Hebrew Yahwistic name at Abel Beth Maacah (Jan. 16, 2020). Disbelieving the biblical picture of the powerful Israelite state under King David, many have thought Abel Beth Maacah, on the northern border of Israel, was outside Hebrew domain from the 900s to 800s B.C. But a wine jar from this period was found here with the inscription “of Benayo,” a Hebrew name ending in a form of Israel’s God Yahweh. This town provided refuge to the rebel Sheba before delivering him up to David’s besieging forces (2 Samuel 20:14-22).

Massive administrative center from the late Kingdom of Judah (July 22, 2020). One of the largest collections of Kingdom of Judah seal impressions has been found at a huge public tax collection and storage complex from the late 8th to mid-7th centuries B.C., the time of King Hezekiah and his son King Manasseh, near the new U.S.

embassy in Jerusalem. More than 120 jar handles are stamped with lmlk, meaning “of the king.” Excavation has revealed the site continued in operation after the Assyrian King Sennacherib came against Judah in 701 B.C., consistent with the Bible’s description of Hezekiah’s reign.

Proto-Aeolian column capitals outside Jerusalem’s walls in Hezekiah’s time (Sept. 3, 2020). Three scaled-down versions of earlier Phoenician-style volute column heads, such as adorned David’s palace, were apparently part of a lavish mansion outside Jerusalem’s defensive walls as part of the city’s continuing expansion under Hezekiah after Sennacherib’s forces left, again consistent with the biblical picture of the city’s survival and wealth beyond the siege.
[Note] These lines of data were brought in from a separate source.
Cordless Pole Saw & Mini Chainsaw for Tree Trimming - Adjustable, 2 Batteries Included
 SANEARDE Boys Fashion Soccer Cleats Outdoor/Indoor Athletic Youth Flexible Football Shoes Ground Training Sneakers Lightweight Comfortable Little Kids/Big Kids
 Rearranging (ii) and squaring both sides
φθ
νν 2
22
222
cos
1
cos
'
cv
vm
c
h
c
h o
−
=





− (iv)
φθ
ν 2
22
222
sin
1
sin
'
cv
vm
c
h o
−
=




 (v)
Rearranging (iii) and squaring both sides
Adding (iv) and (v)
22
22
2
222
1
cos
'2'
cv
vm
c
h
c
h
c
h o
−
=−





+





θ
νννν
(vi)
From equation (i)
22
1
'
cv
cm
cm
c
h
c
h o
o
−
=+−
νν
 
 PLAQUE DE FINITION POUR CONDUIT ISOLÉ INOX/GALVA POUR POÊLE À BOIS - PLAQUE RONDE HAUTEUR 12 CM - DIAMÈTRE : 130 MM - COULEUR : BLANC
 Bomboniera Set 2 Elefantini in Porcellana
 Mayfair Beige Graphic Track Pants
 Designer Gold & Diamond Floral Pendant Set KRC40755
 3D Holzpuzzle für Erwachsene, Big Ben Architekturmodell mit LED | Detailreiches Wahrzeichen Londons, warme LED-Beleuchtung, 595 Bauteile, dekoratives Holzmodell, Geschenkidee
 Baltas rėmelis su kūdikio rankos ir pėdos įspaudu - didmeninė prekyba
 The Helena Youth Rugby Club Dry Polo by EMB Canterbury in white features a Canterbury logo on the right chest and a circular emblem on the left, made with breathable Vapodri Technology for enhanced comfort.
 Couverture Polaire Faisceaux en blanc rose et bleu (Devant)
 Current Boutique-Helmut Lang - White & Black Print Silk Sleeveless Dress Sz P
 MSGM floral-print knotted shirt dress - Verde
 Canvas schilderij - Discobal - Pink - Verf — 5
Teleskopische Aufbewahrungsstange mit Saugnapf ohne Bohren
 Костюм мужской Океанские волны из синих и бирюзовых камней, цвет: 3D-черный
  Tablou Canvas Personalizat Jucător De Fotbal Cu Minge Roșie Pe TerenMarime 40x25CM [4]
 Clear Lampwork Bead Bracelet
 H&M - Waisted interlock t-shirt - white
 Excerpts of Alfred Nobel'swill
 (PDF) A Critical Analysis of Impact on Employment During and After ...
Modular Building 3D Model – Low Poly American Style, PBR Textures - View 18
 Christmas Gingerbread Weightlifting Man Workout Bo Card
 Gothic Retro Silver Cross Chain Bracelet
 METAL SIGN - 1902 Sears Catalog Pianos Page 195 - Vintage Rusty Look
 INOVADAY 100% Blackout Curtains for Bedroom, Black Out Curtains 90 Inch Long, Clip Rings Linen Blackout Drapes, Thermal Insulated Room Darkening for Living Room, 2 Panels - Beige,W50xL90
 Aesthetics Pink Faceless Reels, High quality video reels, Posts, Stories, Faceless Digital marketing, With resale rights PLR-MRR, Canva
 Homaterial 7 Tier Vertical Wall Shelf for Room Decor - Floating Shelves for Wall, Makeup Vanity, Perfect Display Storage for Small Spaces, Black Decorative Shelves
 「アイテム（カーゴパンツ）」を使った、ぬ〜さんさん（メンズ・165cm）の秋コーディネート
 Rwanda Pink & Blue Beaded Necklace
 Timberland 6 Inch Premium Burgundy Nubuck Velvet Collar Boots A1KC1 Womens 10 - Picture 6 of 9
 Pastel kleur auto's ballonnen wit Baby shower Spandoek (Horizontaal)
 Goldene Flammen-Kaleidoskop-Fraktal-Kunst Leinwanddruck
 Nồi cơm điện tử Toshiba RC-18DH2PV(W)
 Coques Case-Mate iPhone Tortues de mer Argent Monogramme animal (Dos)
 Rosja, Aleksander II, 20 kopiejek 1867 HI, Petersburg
Royal purple dye on fabrics from David and Solomon’s time (Jan. 28, 2021). Three pieces of wool clothing, out of more than a hundred discovered at the ancient copper mines of Timna in southern Israel, were found dyed with royal purple. These were carbon dated to around 1000 B.C., the time of David and Solomon. This dye, produced in small quantity from a particular species of Mediterranean sea snails, required long and laborious extraction and processing.

Purple fabric was thus very expensive, sometimes more than gold, and worn only by royalty, high officials and others of great wealth (compare Song of Solomon 3:9-10). The discovery of purple cloth at Timna along with bones of fishes imported from Egypt argues for a significant trading network and a strong central government overseeing it—fitting with that of David and Solomon.

New Dead Sea Scrolls fragments first Bible texts found in 60 years (March 16, 2021). A four-year operation by the Israel Antiquities Authority, including scouring remote caves, has turned up 80 new scroll fragments bearing lines of Greek text from Zechariah and Nahum. These are believed to have been part of a set of fragments of the Twelve Minor Prophets from the “Cave of Horrors,” named for 40 human skeletons found there in excavations in the 1960s.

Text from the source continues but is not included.